Christopher P. Sighinolfi - Jefferies LLC, Research Division:
Just one quick cleanup for me, and actually, it's probably for Don. And this is really just tied to NGL and pet chem. Lots of moving parts in the quarter with BI and the drop-down. But just wondering if you guys could quantify the DCF impact from the dropped assets for the period owned, and sort of how that compares to the guidance you gave us earlier in the year. I think you were looking for 130 to 160 on the full year and so just wondering how sort of initial 1 month of owned DCF sort of stacks up against that.
Donald R. Chappel:
I think our initial guidance, Chris, contemplated 3 months of ownership of PZ. And as it turned out, there was 1 full month of ownership because the drop-down happened a couple of months later than what we expected when we put out that guidance in the first place. The good news, Williams enjoyed those earnings for January and February instead, and the -- yes, the 1 month was about $15 million to $20 million.
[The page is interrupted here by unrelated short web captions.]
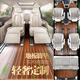 Cheyiju Buick GL8 Solid Wood Flooring 653t es Luzun Phev 652t Class de negocios en tierra GL8 Lu Shang Pie PIT PAD + Pad, almohadilla de troncal [oro de la costura media de la costura media]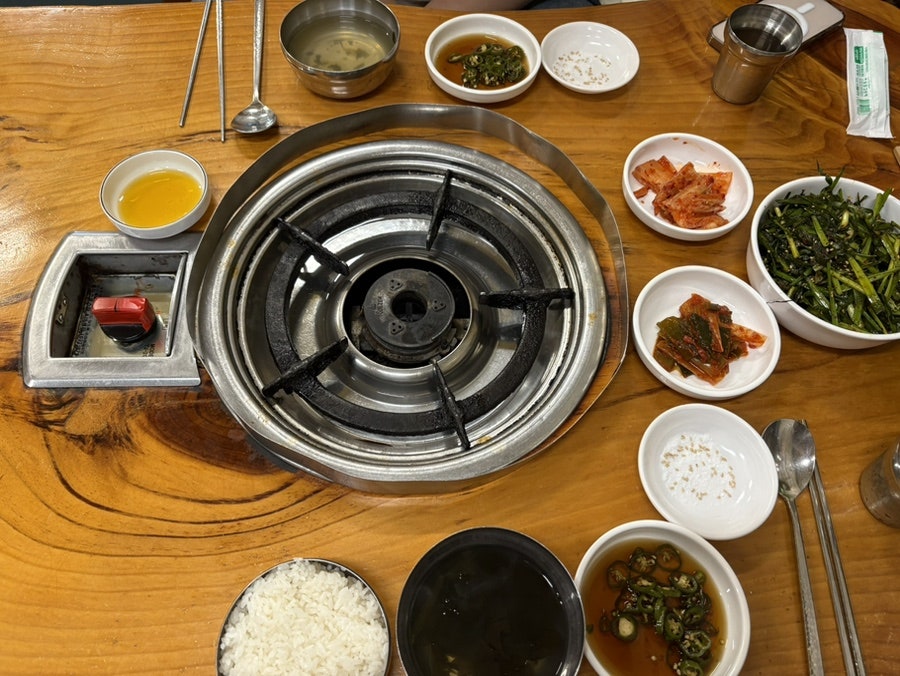 황소곱창구이 사진 4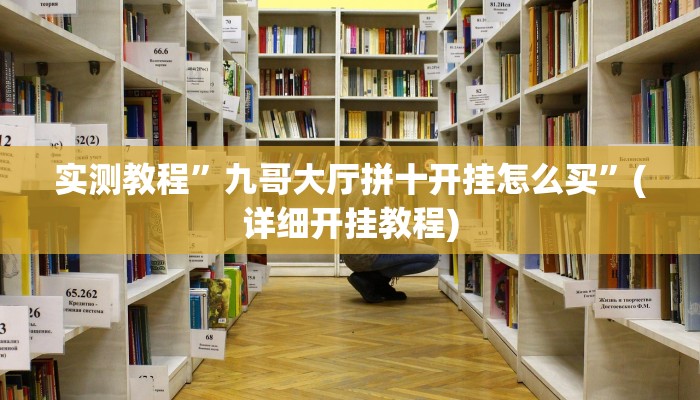 实测教程”九哥大厅拼十开挂怎么买”(详细开挂教程)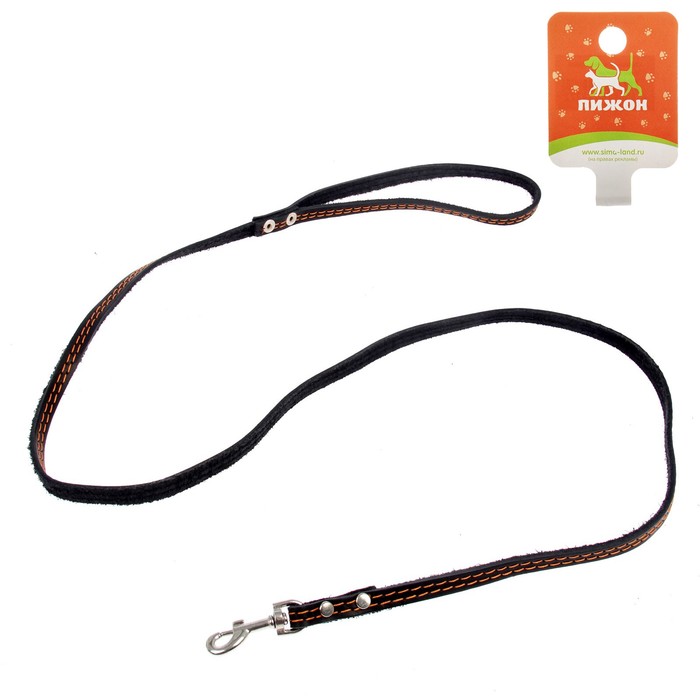 Поводок кожаный однослойный, простроченный, 1.37 м х 1 см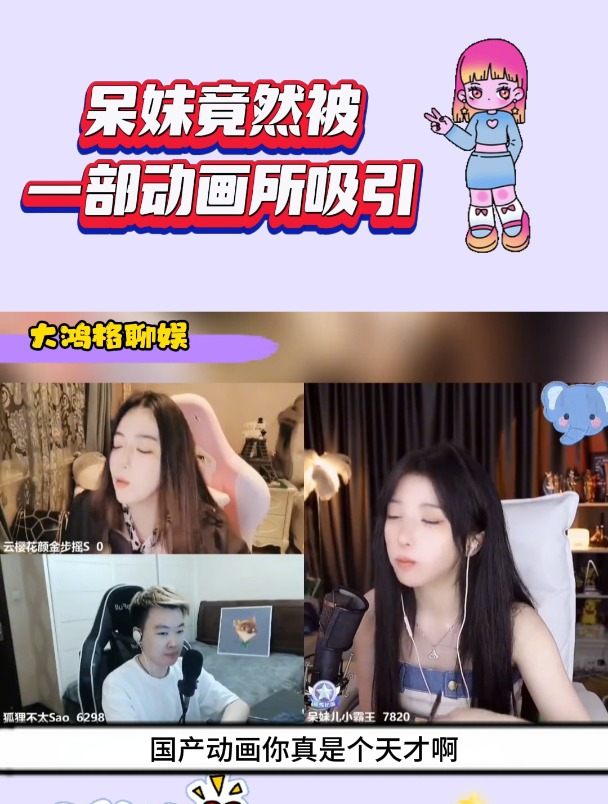 呆妹竟然被一部动画所吸引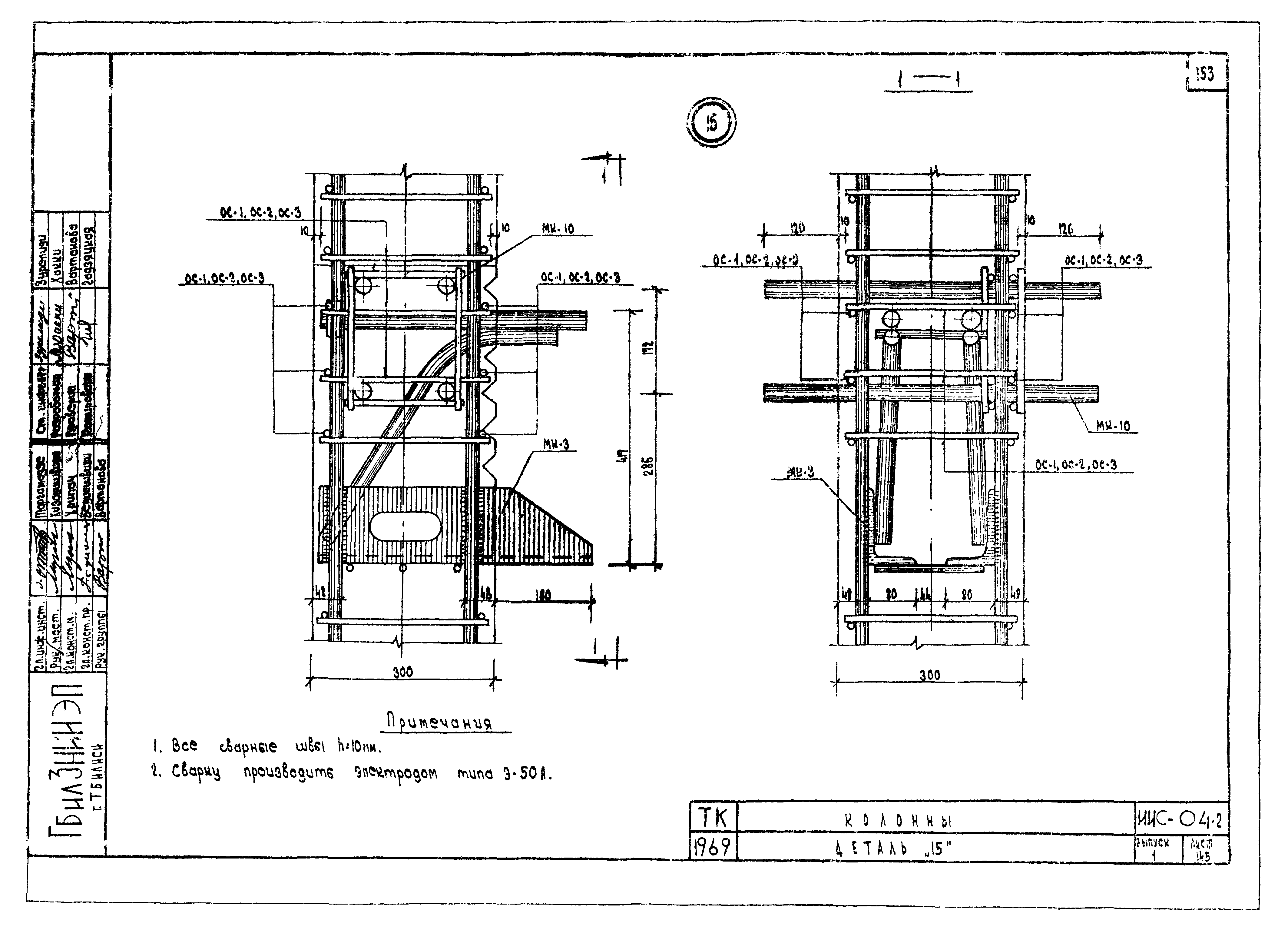 Серия ИИС-04-2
Christopher P. Sighinolfi - Jefferies LLC, Research Division:
Okay. And then you guys -- just quick follow-up on that. You guys had flagged some tie-in issues and third-party disruptions in 4Q up there. Just wondering if all that's resolved at this point.
John R. Dearborn:
Yes. That is a great question now. And yes, we did through the first quarter, but we're tight-lined to Suncor up there. They did have some operating issues at the upgrader, which reduced our volumes approximately by about 20%. At the end of the quarter, all of those issues were resolved, and we're back to full volume. So looking forward, we can expect Canada to deliver at its full potential.
Operator:
With no further questions in the queue, I'd like to turn the call back to our presenters for any additional or closing remarks.
Alan S. Armstrong:
Okay, well, great. Thank you, everybody, for joining us this morning. As you can tell, a lot of excitement about the quarter and the growth prospects that we have in front of us. And we'd just say we look forward to seeing you at analyst day and sharing a little more of that with you and particularly as we look further in beyond '15. So thanks again for joining us, and we're excited -- we very much look forward to seeing you at the upcoming analyst day.
Operator:
Ladies and gentlemen, that does conclude today's call. Thank you all for joining.